The impact of hybrid work continues to reverberate in the GTA office market
Market pressure continues to ease in the Greater Toronto Area (GTA) office sector amid a growing tenant preference for the flexibility afforded by hybrid work set-ups, according to Avison Young.
“Changes in the way we work continue to put downward pressure on the volume of square footage leased across the GTA, as tenants right-size, downsize, consolidate, and relocate their real estate needs,” Avison Young said.
The region’s office availability rate also continues its upward trend, rising to 17.8% during the first quarter of 2023. This represented a quarterly increase of 130 basis points.

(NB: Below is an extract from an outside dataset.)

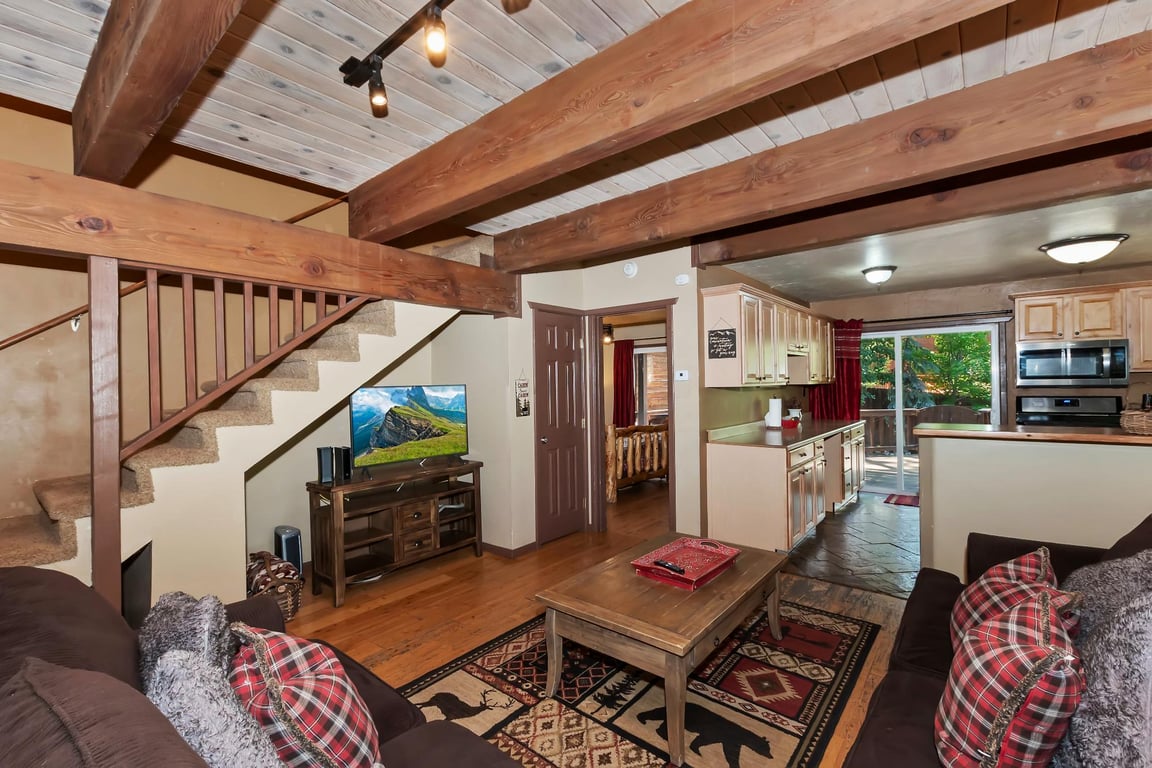 Cabin Image 10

“As it has since 2020, the availability rate continued to rise in all districts across the GTA,” Avison Young said. “Both direct and sublease availability trended upward once again.”

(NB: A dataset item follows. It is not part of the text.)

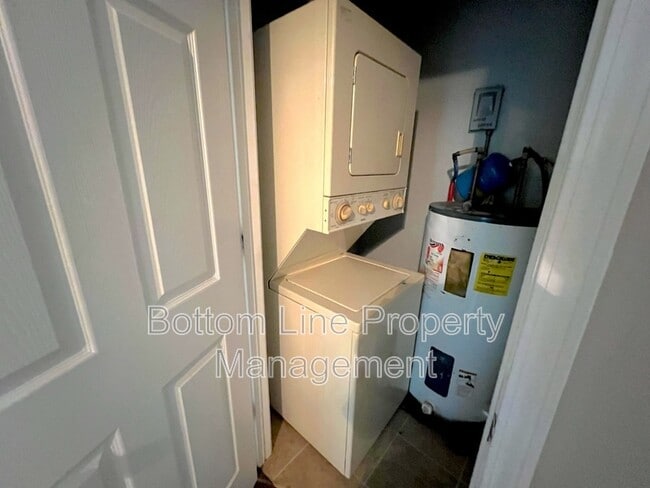 Building Photo - 2633 Kenhill Dr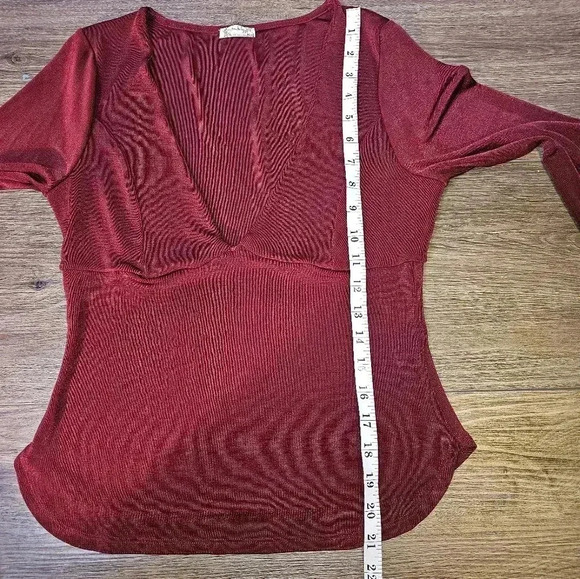 Free People Intimately Free Sleek Essentials Blouse Vneck Burgundy Shimmer S/P - Picture 10 of 13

As of Q1 2023, more than 35 million square feet of office space was available for lease in the GTA.
“Many tenants are taking advantage of the opportunity to secure better (and sometimes bigger) premises for their businesses,” Avison Young said. “As some users shed space, the range of options benefits those looking to upgrade.”
Such a flight to quality will benefit class A assets, particularly those that are strategically located near transit hubs.
“Owners of other buildings will be assessing their strategies to remain competitive in attracting and retaining tenants – and looking for ways to differentiate their assets in the marketplace, such as building amenities or lobby renovations,” Avison Young said.
Built-out spaces will also prove to be among the most attractive choices for occupiers.
“High construction costs, shorter lease terms, and uncertainty about the future are motivating many tenants to look for spaces that are move-in ready – such as model suites, turnkeys, and well-built-out and furnished sublease spaces – to save on time, stress, and capital,” Avison Young said.